▼

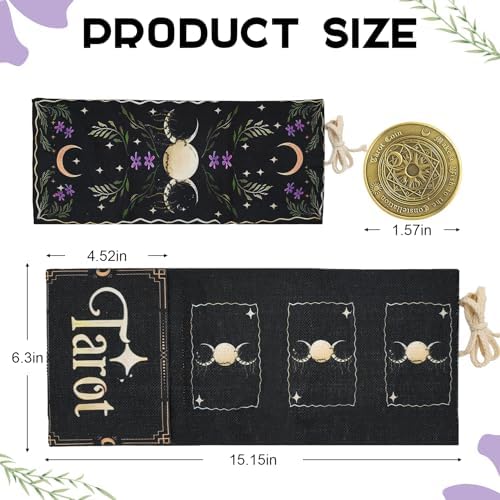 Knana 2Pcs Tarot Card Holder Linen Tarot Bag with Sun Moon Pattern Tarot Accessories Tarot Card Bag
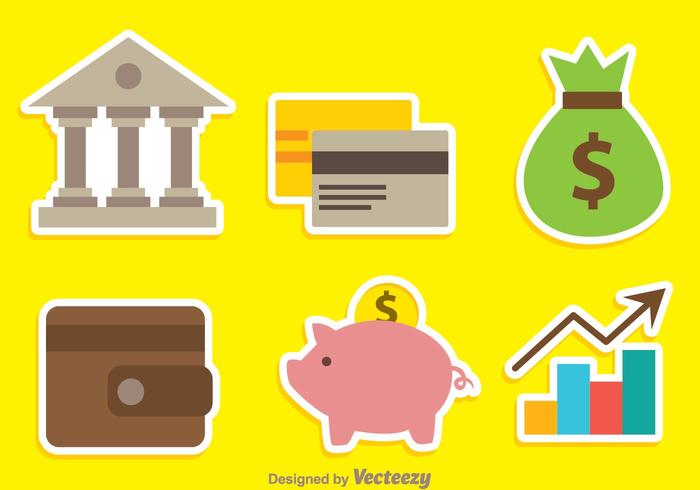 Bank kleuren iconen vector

▲
▼

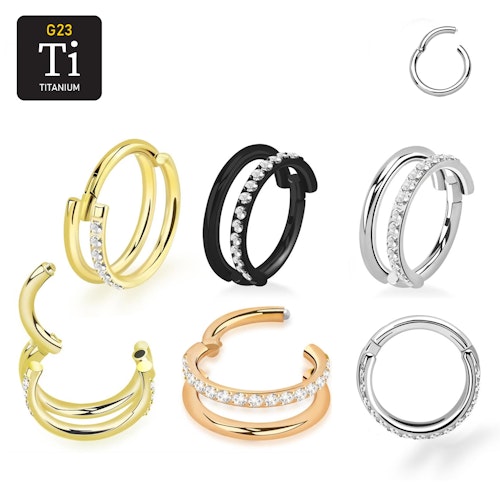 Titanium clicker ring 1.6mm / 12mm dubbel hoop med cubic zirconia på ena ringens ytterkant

▲

[Task to complete]:
Set down word for word the lines above from the one with "Knana 2Pcs Tarot" up to and including the one with "Bank kleuren iconen vector". Omit every picture.

[Response]:
 Knana 2Pcs Tarot Card Holder Linen Tarot Bag with Sun Moon Pattern Tarot Accessories Tarot Card Bag
 Bank kleuren iconen vector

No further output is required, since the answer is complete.